WHAT IS BEING ASKED: Each line below from the "Art Deco Love" line through the "2-Pack LED Keyboard" line, those two included, must be restated word for word; the pictures must not be.
--- INPUT Enclosed Below ---
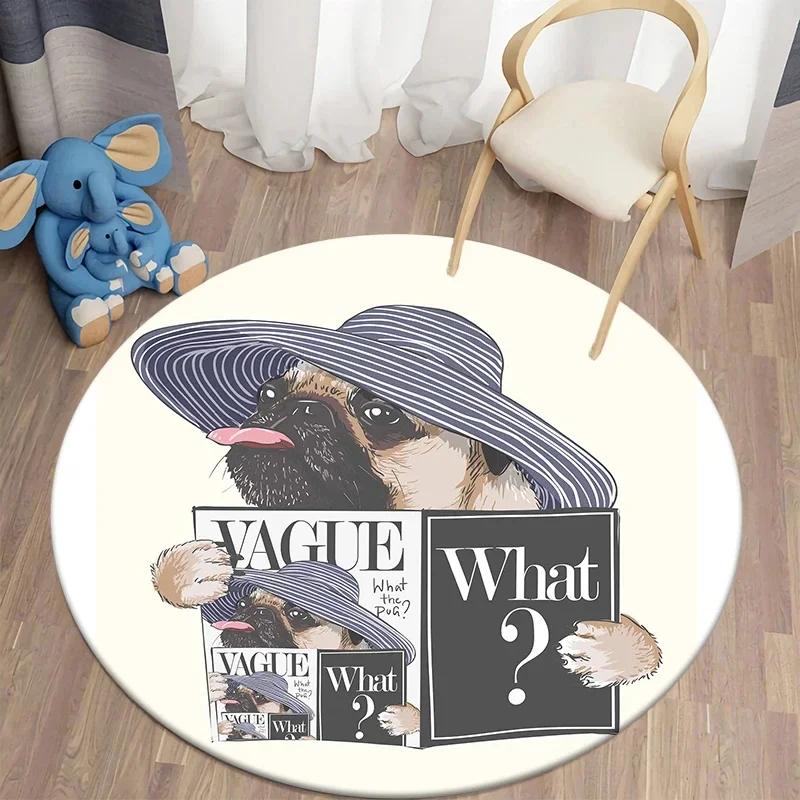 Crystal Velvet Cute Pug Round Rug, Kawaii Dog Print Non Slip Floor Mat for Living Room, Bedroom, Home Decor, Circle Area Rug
--- End of Enclosed INPUT ---
--- INPUT Enclosed Below ---
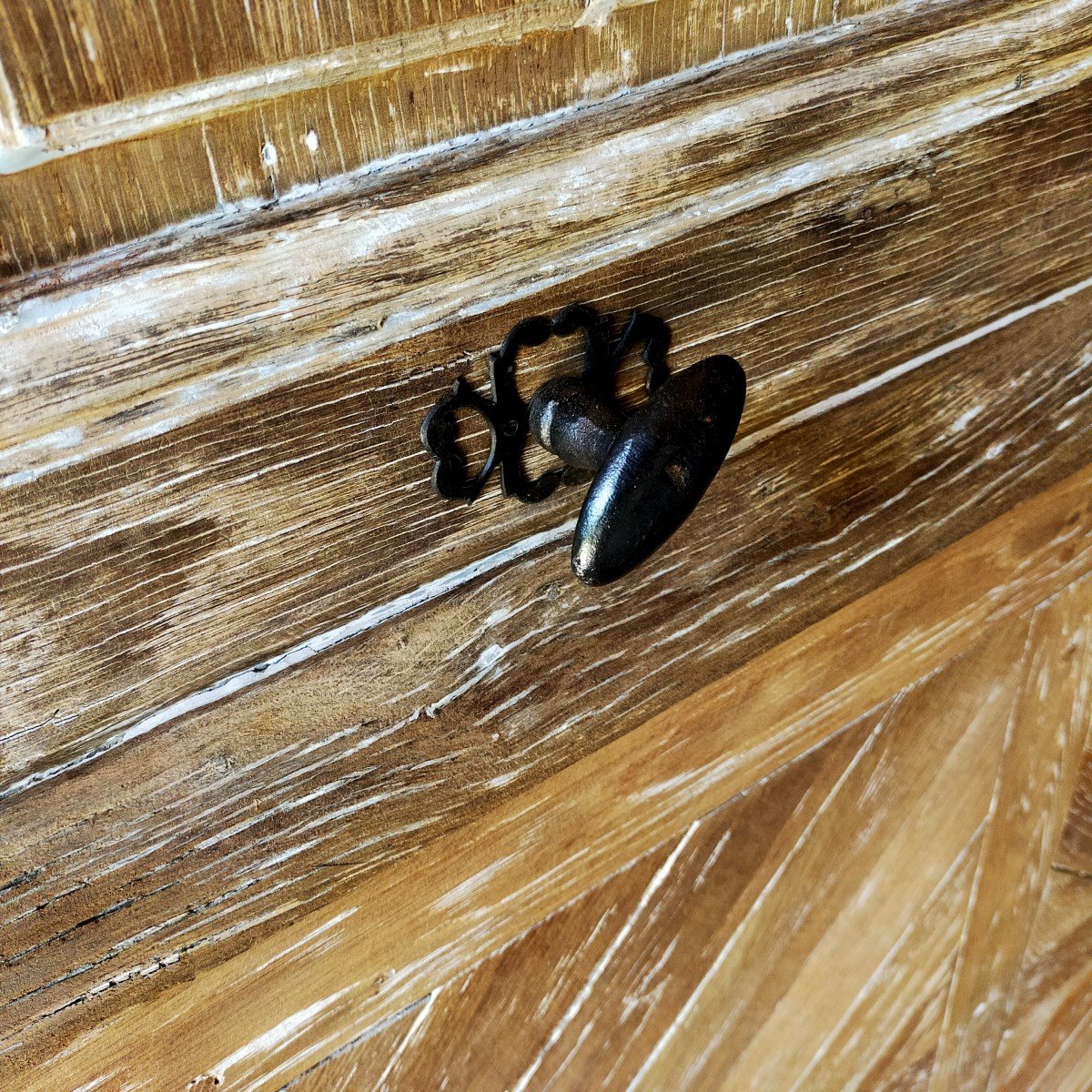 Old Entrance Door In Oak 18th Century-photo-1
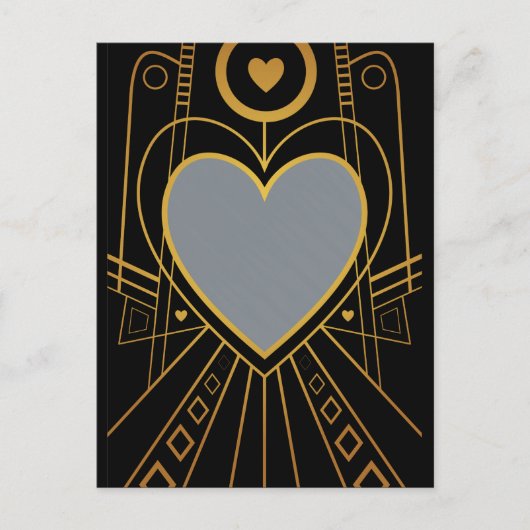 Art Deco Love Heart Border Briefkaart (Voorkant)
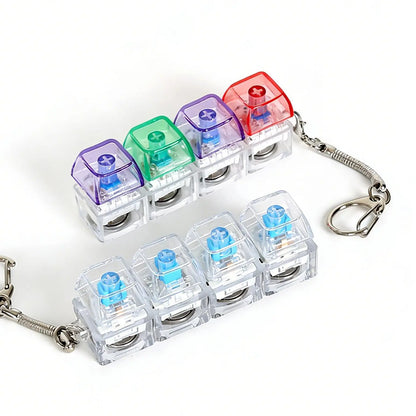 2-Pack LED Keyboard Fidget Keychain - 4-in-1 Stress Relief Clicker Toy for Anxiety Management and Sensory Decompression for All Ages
--- End of Enclosed INPUT ---
TASK SOLUTION:
 Art Deco Love Heart Border Briefkaart (Voorkant)
 2-Pack LED Keyboard Fidget Keychain - 4-in-1 Stress Relief Clicker Toy for Anxiety Management and Sensory Decompression for All Ages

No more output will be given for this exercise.